Job Responsibilities: Providing project management and leadership to Medical Operations staff. Coordinating the literature process, such as working with vendors in execution of literature searches, full-text ordering, and requesting translations. Actively partnering with cross-functional business partners, such as Medical Directors, Post Market Surveillance, Design Quality Engineers, R&D, and Regulatory Affairs related to the CER/Literature process. Collaborating with and supporting the Medical Operations Leadership team through the various processes. Maintaining and executing project management tools, such as Microsoft project plans and Lean Kit boards and actively communicating project milestones/task levels with writing staff and vendors. Ensuring that strategic plans for operation company CER/literature timelines are met and practices are being consistently deployed across the global organisation. Maintaining and monitoring metrics relevant to the Medical Operations team activities, such as CERs, Literature Searches, Literature Reviews, Compliance Activities, providing visibility of issues, and enabling corrective and preventive actions to be taken as needed. Maintaining a knowledge and access to applicable MD Quality systems to support the teams in document retrieval and routing of Medical Operations documents for approval. Providing support to the Leadership team during audits and inspections pertaining to CER processes and reports.

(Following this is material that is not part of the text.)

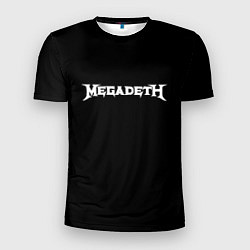 Футболка спортивная мужская Megadeth logo white, цвет: 3D-принт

Skills and Requirements: A bachelor's degree in a technical discipline is required. At least three years of related job experience. Demonstrable knowledge and experience in project management principles and methodologies is required. Demonstrable experience within the medical device industry and knowledge of clinical evaluation report regulatory requirements, evidence generation, and Clinical Evaluation Report (CER) document creation is preferred. Capable of working independently, analysing, working with attention to detail, process and prioritise sensitive complex information, and solve problems. Demonstrable multitasking, project management, and execution skills. Good interpersonal skills, including communication, presentation, persuasion, and influence. Good organisational skills, including efficiency, punctuality, and collaboration in a team environment. Proficiency in MS Office.